§ **GIVEN RECORDS**:
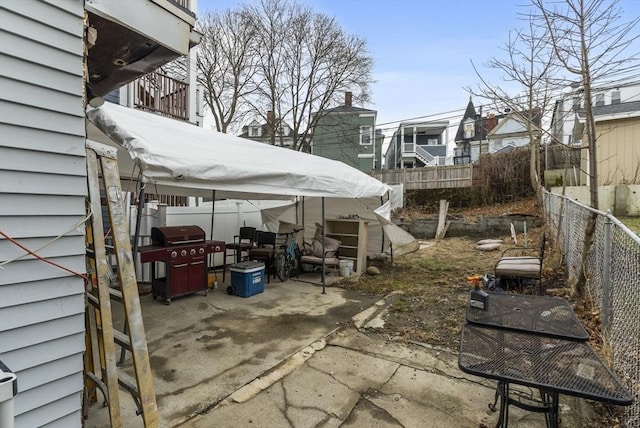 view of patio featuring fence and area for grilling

==

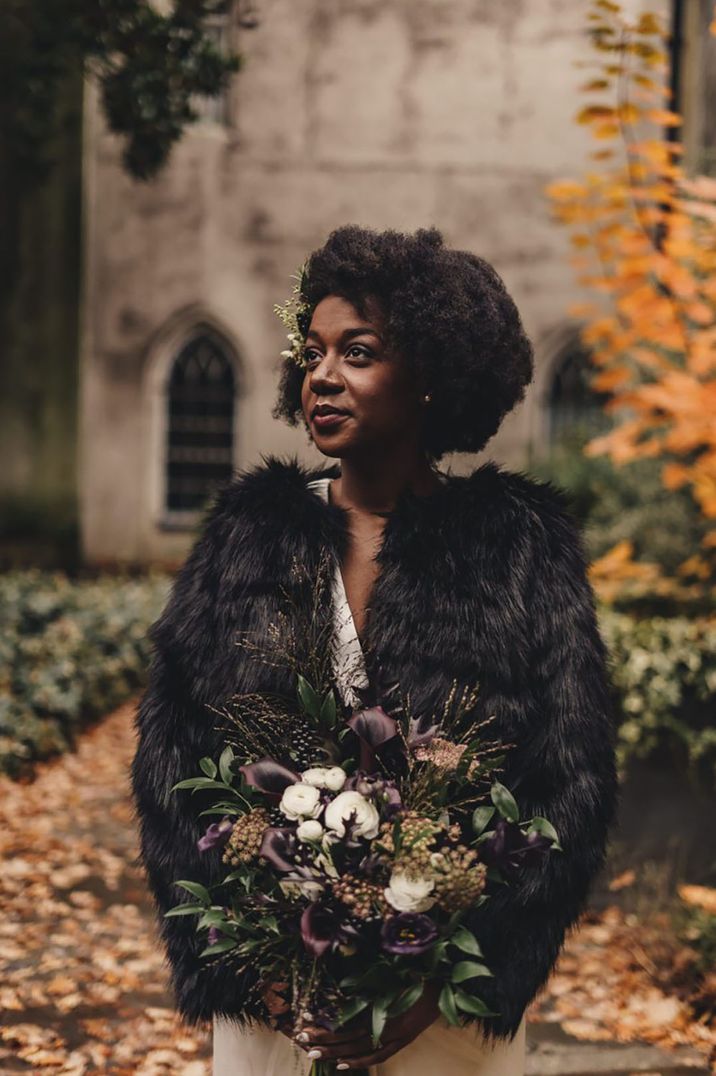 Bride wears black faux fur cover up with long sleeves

...

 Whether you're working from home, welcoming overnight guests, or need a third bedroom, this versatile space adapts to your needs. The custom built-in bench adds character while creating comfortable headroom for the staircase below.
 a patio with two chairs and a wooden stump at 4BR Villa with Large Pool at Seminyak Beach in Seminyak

§ **REQUIREMENT**:
What is asked for is an exact copy of the lines above from the one containing "Whether you're working" through the one containing "a patio with", and only those.

§ **ANSWER**:
 Whether you're working from home, welcoming overnight guests, or need a third bedroom, this versatile space adapts to your needs. The custom built-in bench adds character while creating comfortable headroom for the staircase below.
 a patio with two chairs and a wooden stump at 4BR Villa with Large Pool at Seminyak Beach in Seminyak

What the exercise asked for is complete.